# Web Crawling
Proses mengumpulkan data dari halaman web secara otomatis menggunakan program crawler/spider (seperti Googlebot). Hasilnya berupa salinan konten web untuk diindeks atau dianalisis.

## Langkah-langkah mengerjakan
Siapkan website untuk kalian crawling, dalam contoh kasus ini kita akan mengambil jurnal yang ada di website springer nature. Selanjutnya, buka website https://dev.springernature.com/ lalu buat akun untuk mendapat API yang kalian butuhkan (meta API), copy API paste ke kode yang telah kalian buat.

Setelah itu, ketikkan kata kunci yang ingin kalian tampilkan run kode lalu akan muncul total hasil kata kunci yang telah diketikkan sebelumnya.

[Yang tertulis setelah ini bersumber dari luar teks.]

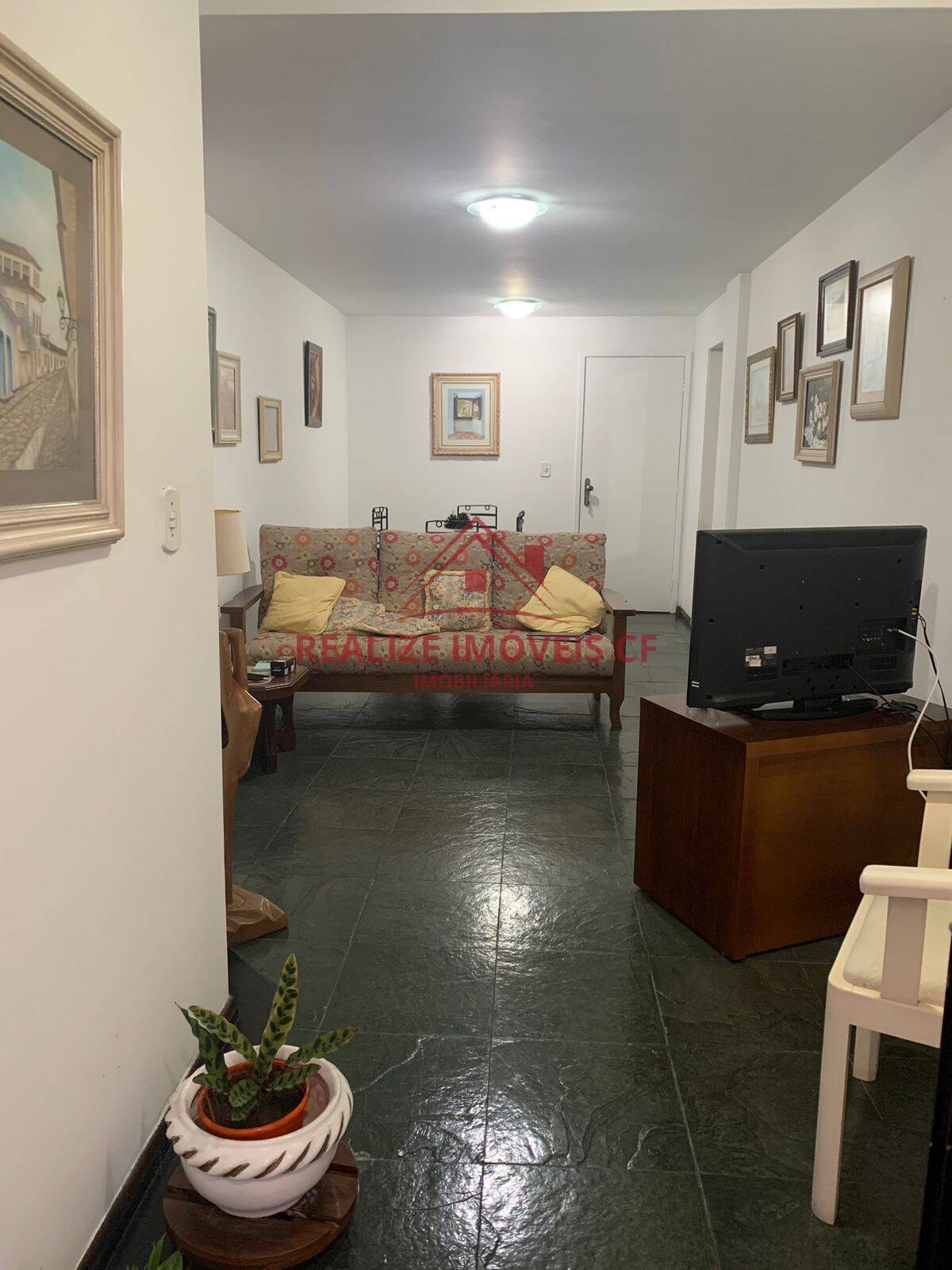 Apartamento à venda com 2 quartos, 50m² - Foto 2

Dan, buat kode untuk mengkonversikan output dari kode kalian menjadi file csv.

In [1]:
pip install sprynger

Collecting sprynger
  Downloading sprynger-0.4.1-py3-none-any.whl.metadata (5.8 kB)
Collecting lxml (from sprynger)
  Downloading lxml-6.0.1-cp312-cp312-manylinux_2_26_x86_64.manylinux_2_28_x86_64.whl.metadata (3.8 kB)
Downloading sprynger-0.4.1-py3-none-any.whl (40 kB)
Downloading lxml-6.0.1-cp312-cp312-manylinux_2_26_x86_64.manylinux_2_28_x86_64.whl (5.3 MB)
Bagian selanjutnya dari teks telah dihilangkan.